The details of the actual panel (the specific panel, program, and set of reviewers), and the content of the proposals need to be kept confidential. However, I kept thinking "Hey, I wish I knew about that before I started on this." And so I offer my list of eleven things you should know, do, or not do if you are about to serve on your first review panel.
  1. Do not print the proposals. You won't need them at the NSF, and you'll just need to shred them later. Everything you'll need is on-line in the Interactive Panel system. And there may not be much space at the panel to keep them hard-copies handy.
  2. Do not bring a laptop. The nice folks at the NSF supply a laptop with a wired network connection, and convenient desktop icons to all of the stuff you'll need. If you bring your own laptop, you'll need to have the NSF IT guys scan it before they'll allow it to connect to the network. And it won't have all of the convenient desktop icons. (All this said, I still brought my little HP Mini to use at the hotel.)
  3. Bring water. The government doesn't believe in bottled water, and if you like to drink plenty of the water during the workday, you'll wish you had ready access to some bottles.

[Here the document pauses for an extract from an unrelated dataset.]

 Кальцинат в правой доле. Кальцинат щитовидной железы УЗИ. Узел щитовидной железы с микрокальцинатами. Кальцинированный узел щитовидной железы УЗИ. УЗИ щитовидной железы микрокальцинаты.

  4. Being a Scribe is a lot more work than a Lead. Reading and reviewing proposals is a lot of work. For some, you'll also be the Lead. That's actually not a big deal at all; it just means that you have to give a brief summary of the proposal to the other reviewers, and hit its strengths and weaknesses. Ideally you'll also drive the conversation around the proposal, but the NSF program officers are there to help out, and they are really good at this sort of thing. Now, for some proposals, you may be a Scribe, and that is a lot of work since it's up to you to take the minutes of the conversation, generate a nice summary that reflects all the key evaluation points, and then coax the rest of the reviewers to read and approve your work.
  5. Invest plenty of time in your reviews. Take your time. Write good, clear prose. But be succinct. Make it easy to read so that your other reviewers can read through it quickly. You'll be glad you took the time to do this when you're the Lead. And the other reviewers will also thank you for it.
  6. Keep your receipts. The government will be paying you via a 1099, and you'll want to deduct the expenses from your income.
  7. Be sure to select the box on FastLane to disable the automatic screen refresh. If you don't do this, the system will refresh the screen on you at the most inopportune times.
  8. Submit your reviews early. The program officers and other reviewers will be able to factor in your comments if they have them before the panel. Definitely do not wait until you get to the panel. And be sure that you use the Submit Review button, not Save Review button, once your review is ready.
  9. Be very clear about the review criteria. In addition to any standard criteria, they may also be program-specific criteria, and perhaps additional specific areas which will require extra attention.
  10. The Hilton Arlington is very, very close to the NSF. There is even a covered, overhead pedestrian walkway from the Hilton to the Stafford Building. This can be very nice if it is raining.
  11. The NSF is at 4201 Wilson Blvd. It is in a large, shared office building called Stafford Place. I'm not sure that I ever found the street address in any convenient page on the NSF Visitors page.